# THE DATA
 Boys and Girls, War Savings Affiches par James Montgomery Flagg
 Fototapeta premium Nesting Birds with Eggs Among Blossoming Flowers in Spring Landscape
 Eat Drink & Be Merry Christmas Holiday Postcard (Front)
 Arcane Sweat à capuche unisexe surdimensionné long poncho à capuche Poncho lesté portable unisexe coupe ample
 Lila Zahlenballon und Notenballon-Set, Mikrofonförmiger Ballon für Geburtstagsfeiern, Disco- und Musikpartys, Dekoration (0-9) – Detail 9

# TASK TO CARRY OUT
Would you please reproduce the records above exactly, only from their first line through the line holding "Arcane Sweat à", with both ends included?

# ANSWER SPACE
 Boys and Girls, War Savings Affiches par James Montgomery Flagg
 Fototapeta premium Nesting Birds with Eggs Among Blossoming Flowers in Spring Landscape
 Eat Drink & Be Merry Christmas Holiday Postcard (Front)
 Arcane Sweat à capuche unisexe surdimensionné long poncho à capuche Poncho lesté portable unisexe coupe ample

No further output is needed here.